■ About this exercise
Find and copy each line of the data that includes "cylinder".

Dataset Block Start

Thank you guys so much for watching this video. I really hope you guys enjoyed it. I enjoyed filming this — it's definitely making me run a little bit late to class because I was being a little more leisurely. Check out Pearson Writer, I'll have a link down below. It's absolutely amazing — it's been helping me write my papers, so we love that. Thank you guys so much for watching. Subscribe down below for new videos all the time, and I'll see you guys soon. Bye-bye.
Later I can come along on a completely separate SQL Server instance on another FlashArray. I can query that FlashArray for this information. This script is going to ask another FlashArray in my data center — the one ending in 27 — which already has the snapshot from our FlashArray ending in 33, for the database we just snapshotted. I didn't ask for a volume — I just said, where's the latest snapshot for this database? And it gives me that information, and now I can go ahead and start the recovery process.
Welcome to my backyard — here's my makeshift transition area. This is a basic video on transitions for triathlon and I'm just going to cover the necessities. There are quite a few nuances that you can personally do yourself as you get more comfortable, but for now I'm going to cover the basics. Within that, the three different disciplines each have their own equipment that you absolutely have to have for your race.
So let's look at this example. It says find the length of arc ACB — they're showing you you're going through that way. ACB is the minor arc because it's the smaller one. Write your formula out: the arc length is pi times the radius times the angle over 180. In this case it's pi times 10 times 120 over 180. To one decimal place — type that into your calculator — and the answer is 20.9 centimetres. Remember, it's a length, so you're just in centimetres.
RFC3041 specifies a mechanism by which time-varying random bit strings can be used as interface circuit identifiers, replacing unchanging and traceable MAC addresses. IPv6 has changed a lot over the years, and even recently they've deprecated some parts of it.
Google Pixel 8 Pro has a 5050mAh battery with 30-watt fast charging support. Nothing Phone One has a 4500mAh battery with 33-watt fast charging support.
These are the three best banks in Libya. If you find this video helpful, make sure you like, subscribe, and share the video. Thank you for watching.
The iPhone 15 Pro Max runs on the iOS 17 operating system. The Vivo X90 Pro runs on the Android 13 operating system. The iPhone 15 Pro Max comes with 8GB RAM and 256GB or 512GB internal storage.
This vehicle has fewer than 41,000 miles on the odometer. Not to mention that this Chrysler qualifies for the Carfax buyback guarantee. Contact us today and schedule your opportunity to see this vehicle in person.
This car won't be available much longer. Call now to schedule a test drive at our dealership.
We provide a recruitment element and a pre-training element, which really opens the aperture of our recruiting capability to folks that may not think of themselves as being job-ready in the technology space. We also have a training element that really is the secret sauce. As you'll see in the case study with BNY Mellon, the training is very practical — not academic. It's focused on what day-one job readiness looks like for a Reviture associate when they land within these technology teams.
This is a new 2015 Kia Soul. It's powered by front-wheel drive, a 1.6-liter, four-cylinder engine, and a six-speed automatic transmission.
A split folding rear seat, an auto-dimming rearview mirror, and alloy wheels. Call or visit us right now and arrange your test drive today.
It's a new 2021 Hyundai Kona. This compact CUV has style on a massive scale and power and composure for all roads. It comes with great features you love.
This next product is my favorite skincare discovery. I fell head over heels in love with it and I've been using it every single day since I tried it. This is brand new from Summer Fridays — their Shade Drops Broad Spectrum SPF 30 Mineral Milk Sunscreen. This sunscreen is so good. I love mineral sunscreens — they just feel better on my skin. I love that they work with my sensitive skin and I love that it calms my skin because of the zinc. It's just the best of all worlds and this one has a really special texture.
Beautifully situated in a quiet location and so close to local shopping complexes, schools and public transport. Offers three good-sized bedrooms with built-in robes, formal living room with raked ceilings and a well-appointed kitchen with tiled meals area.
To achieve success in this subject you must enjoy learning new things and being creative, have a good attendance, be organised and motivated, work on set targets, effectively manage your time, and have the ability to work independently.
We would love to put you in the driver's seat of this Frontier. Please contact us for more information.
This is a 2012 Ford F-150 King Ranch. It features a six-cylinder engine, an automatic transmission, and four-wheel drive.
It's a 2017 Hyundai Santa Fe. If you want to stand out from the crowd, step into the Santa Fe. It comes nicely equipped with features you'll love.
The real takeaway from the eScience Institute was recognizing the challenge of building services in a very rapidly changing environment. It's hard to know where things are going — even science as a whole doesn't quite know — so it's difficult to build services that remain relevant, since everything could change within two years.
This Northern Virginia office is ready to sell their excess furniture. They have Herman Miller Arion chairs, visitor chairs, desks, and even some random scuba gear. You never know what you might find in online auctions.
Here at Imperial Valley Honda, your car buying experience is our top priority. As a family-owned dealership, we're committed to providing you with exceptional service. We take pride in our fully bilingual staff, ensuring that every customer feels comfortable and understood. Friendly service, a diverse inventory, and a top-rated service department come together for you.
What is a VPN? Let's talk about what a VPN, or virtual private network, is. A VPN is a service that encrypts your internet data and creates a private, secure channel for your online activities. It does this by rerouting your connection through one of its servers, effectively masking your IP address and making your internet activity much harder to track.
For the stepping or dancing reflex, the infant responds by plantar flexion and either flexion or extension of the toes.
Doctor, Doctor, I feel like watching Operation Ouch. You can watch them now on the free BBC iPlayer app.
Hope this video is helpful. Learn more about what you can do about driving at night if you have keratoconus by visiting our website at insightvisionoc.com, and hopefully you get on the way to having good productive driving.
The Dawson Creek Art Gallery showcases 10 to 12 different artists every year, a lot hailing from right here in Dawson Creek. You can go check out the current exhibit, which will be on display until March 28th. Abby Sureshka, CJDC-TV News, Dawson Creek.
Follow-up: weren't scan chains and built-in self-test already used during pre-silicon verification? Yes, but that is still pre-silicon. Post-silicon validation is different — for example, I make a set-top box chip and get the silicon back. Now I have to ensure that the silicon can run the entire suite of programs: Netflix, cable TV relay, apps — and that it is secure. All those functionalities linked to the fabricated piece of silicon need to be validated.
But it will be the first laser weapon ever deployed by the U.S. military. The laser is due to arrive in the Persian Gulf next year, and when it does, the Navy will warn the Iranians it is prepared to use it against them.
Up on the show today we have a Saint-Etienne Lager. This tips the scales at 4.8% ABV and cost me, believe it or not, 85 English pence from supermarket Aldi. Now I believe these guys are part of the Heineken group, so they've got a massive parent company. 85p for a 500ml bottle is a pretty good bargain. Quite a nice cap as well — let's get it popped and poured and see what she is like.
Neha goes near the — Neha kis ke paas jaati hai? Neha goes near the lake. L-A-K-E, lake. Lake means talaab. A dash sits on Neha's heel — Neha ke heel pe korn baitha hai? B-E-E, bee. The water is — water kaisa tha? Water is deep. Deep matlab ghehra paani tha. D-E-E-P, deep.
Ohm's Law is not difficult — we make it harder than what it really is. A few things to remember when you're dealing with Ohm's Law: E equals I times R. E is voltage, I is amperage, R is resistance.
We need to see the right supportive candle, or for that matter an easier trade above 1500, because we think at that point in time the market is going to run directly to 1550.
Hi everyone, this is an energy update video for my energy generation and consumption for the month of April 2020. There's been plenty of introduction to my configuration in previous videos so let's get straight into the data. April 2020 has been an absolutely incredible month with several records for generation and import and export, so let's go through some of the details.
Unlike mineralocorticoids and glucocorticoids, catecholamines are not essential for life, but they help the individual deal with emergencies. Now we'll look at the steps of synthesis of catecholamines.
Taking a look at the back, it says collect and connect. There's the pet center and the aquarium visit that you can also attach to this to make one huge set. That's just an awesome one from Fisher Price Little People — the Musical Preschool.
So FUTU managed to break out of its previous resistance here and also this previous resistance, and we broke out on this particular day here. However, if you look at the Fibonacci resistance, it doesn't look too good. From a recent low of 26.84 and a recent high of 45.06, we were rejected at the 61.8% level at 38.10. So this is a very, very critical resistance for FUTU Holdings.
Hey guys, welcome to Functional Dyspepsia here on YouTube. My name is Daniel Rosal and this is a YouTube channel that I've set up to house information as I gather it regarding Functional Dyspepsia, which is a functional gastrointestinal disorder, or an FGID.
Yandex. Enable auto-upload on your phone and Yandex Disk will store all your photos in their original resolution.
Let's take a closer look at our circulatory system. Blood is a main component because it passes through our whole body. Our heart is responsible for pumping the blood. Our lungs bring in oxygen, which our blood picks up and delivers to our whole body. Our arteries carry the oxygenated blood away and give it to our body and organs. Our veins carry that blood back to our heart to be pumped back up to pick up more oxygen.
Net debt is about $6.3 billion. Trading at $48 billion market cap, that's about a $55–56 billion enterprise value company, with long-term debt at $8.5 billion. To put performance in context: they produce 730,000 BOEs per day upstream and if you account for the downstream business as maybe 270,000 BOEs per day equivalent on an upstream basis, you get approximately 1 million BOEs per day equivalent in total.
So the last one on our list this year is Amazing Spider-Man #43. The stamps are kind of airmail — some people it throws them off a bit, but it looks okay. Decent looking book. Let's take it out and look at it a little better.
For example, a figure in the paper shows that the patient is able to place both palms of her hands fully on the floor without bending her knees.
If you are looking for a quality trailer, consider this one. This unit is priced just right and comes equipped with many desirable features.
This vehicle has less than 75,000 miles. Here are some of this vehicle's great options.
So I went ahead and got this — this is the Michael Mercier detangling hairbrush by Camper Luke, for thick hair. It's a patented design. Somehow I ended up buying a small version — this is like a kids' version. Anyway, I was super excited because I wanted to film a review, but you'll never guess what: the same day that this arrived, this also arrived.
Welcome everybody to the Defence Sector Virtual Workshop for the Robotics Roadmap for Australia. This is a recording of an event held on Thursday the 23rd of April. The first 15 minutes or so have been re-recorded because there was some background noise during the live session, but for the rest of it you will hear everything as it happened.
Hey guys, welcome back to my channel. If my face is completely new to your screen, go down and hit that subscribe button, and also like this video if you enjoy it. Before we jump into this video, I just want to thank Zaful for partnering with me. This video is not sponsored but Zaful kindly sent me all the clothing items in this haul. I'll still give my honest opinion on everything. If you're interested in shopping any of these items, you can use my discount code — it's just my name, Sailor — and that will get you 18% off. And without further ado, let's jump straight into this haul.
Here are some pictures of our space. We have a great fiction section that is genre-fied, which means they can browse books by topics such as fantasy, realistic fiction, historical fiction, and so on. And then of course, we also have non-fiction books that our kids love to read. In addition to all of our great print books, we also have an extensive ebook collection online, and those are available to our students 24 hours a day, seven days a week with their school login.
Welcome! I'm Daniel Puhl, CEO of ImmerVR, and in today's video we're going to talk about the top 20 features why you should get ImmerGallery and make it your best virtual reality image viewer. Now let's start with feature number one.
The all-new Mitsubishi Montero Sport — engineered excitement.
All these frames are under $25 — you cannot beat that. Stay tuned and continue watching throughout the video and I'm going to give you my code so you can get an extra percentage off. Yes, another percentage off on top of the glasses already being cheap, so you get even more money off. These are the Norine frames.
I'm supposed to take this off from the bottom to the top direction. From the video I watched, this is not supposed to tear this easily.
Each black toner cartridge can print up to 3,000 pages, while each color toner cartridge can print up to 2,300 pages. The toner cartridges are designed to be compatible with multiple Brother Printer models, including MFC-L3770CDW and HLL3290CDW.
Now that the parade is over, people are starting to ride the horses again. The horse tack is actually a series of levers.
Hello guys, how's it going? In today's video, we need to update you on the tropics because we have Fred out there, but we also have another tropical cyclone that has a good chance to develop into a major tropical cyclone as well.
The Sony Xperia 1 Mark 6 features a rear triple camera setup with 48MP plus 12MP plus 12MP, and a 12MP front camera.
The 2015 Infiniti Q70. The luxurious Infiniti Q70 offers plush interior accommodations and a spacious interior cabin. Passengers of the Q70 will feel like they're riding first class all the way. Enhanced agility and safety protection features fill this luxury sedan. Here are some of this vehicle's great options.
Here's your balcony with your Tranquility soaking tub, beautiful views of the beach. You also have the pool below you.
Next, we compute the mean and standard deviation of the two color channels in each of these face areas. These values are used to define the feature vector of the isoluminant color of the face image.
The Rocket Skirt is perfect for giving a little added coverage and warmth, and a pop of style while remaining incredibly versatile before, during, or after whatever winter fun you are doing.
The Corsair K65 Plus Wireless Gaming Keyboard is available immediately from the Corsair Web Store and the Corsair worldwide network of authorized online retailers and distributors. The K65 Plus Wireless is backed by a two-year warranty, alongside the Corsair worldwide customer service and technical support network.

Dataset Block End

■ Solution below
This is a new 2015 Kia Soul. It's powered by front-wheel drive, a 1.6-liter, four-cylinder engine, and a six-speed automatic transmission.
This is a 2012 Ford F-150 King Ranch. It features a six-cylinder engine, an automatic transmission, and four-wheel drive.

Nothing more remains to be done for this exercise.